▶ **Required work**
Among the records below, find the line with "More Photos Of" and the line with "Used 2022 Ford". Set down both and every line between, exactly and with no pictures, but nothing else.

▶ **Records shown**
# # # #

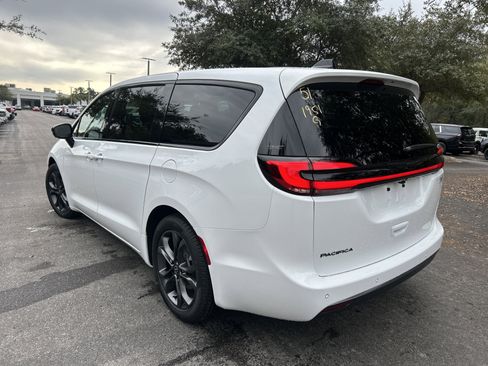 New 2026 Chrysler Pacifica Select image 5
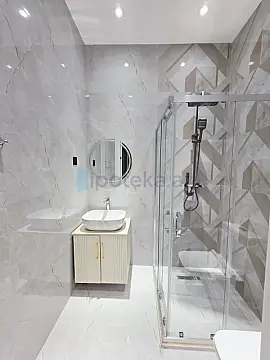 Satılır 4 otaqlı mənzil 160 m²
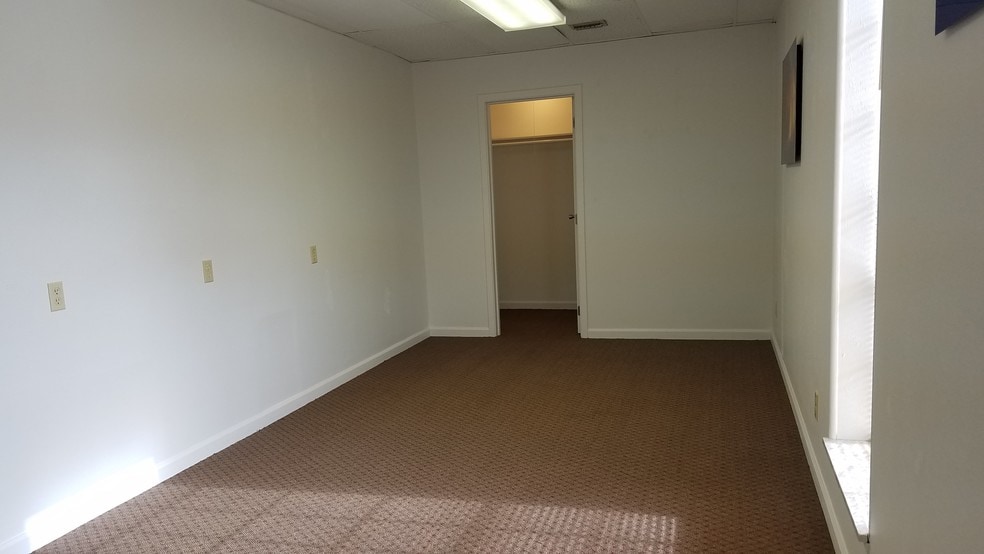 More Photos Of 515 Woodcrest Dr, Bloomington Medical For Lease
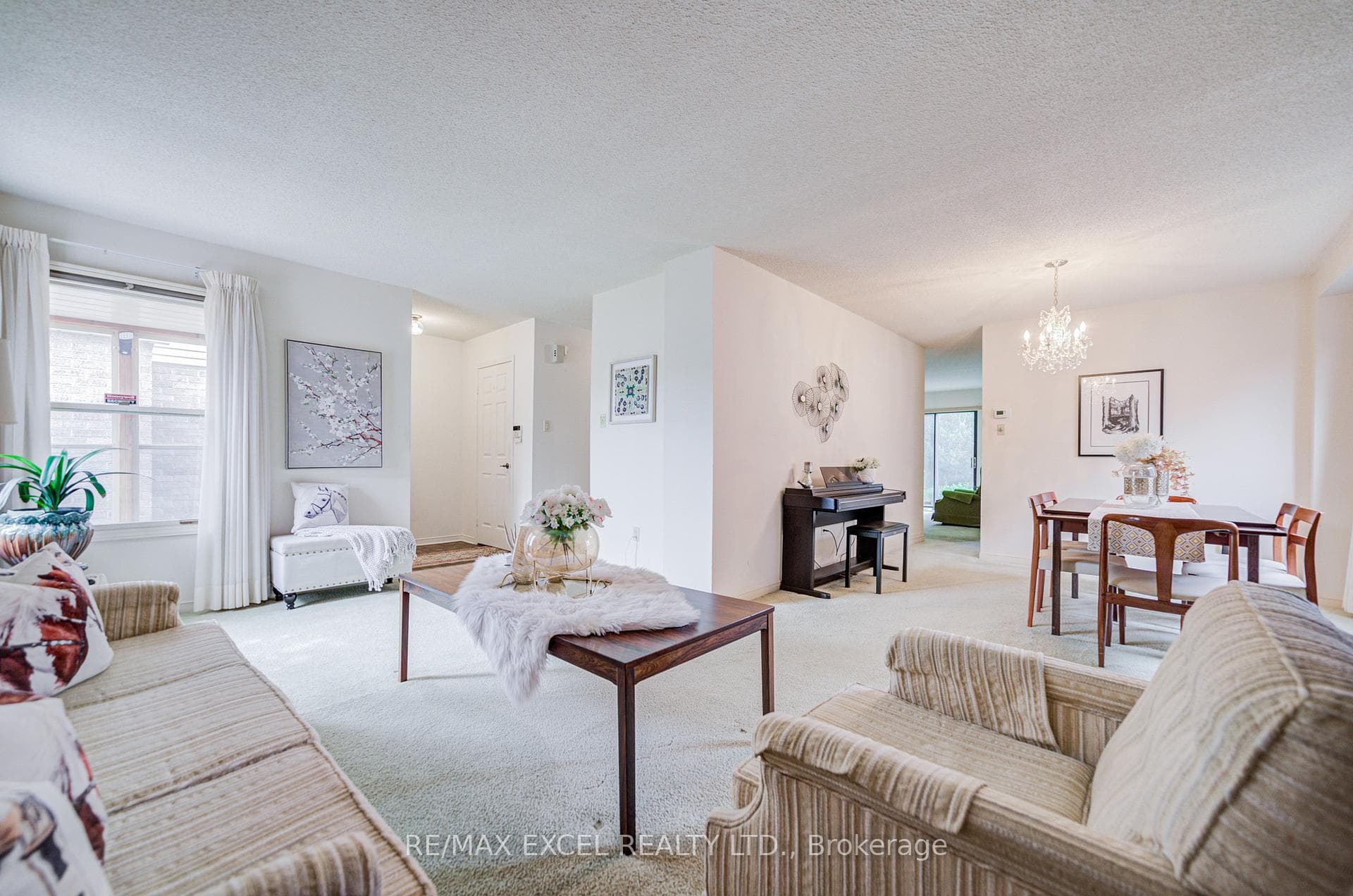 74 Holmbush Crescent photo 11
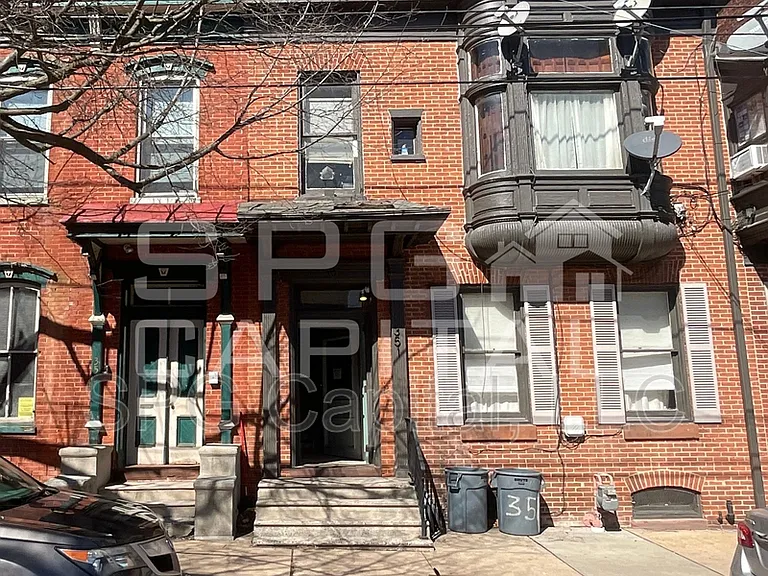 351 W King St #5 — Photo 1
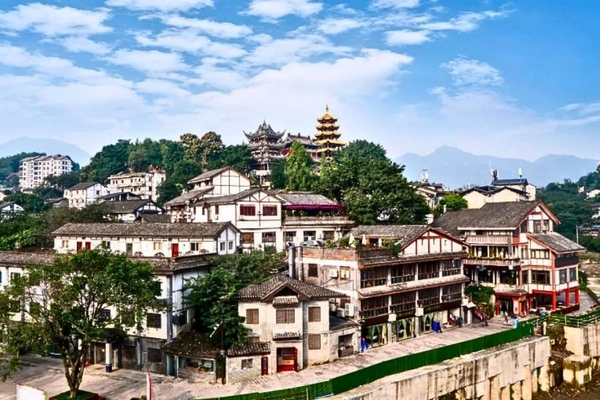 重慶 - 武隆:天生三橋 - 仙女山 - 洪崖洞（四天四夜） TRÙNG KHÁNH - VŨ LONG:THIÊN SINH TAM KIỀU - NÚI TIÊN NỮ - HỒNG NHAI ĐỘNG（4 NGÀY 4 ĐÊM)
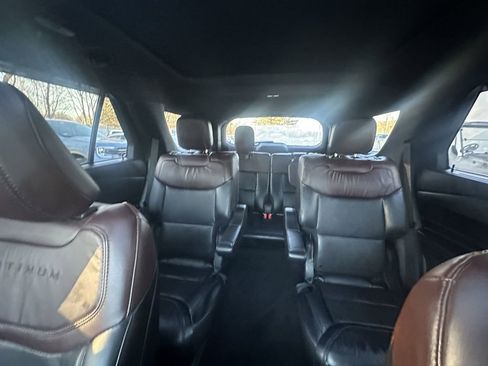Used 2022 Ford Explorer Platinum w/ Equipment Group 601A AWD/4WD image 23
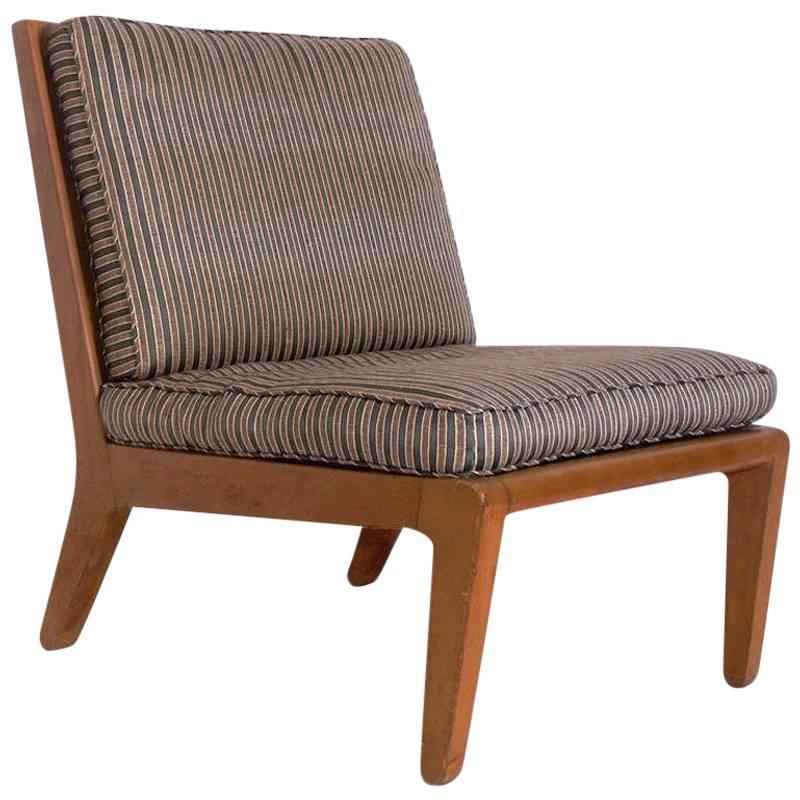 Sauber gefütterte Slipper Lounge Chairs, entworfen von Edward Wormley für Drexel, ca. 1950er Jahre. Sie werden derzeit überarbeitet, und der unten angegebene Preis beinhaltet die Überarbeitung in einer Farbe Ihrer Wahl und die Neupolsterung mit
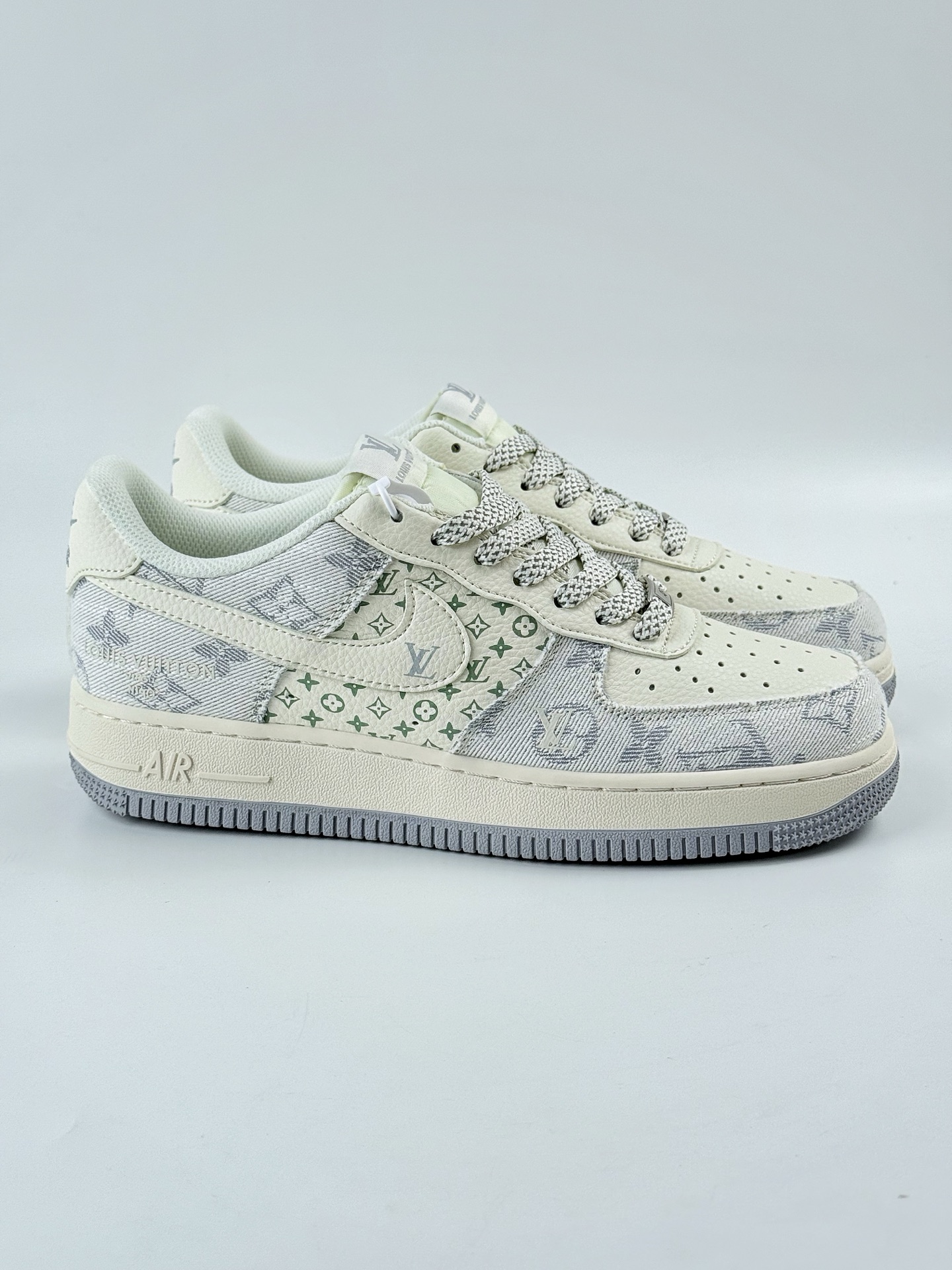 Nike Air Force 1 Low 07 x Louis Vuitton 白蓝满天星  YX5066-331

# # # #

▶ **Result**
 More Photos Of 515 Woodcrest Dr, Bloomington Medical For Lease
 74 Holmbush Crescent photo 11
 351 W King St #5 — Photo 1
 重慶 - 武隆:天生三橋 - 仙女山 - 洪崖洞（四天四夜） TRÙNG KHÁNH - VŨ LONG:THIÊN SINH TAM KIỀU - NÚI TIÊN NỮ - HỒNG NHAI ĐỘNG（4 NGÀY 4 ĐÊM)
Used 2022 Ford Explorer Platinum w/ Equipment Group 601A AWD/4WD image 23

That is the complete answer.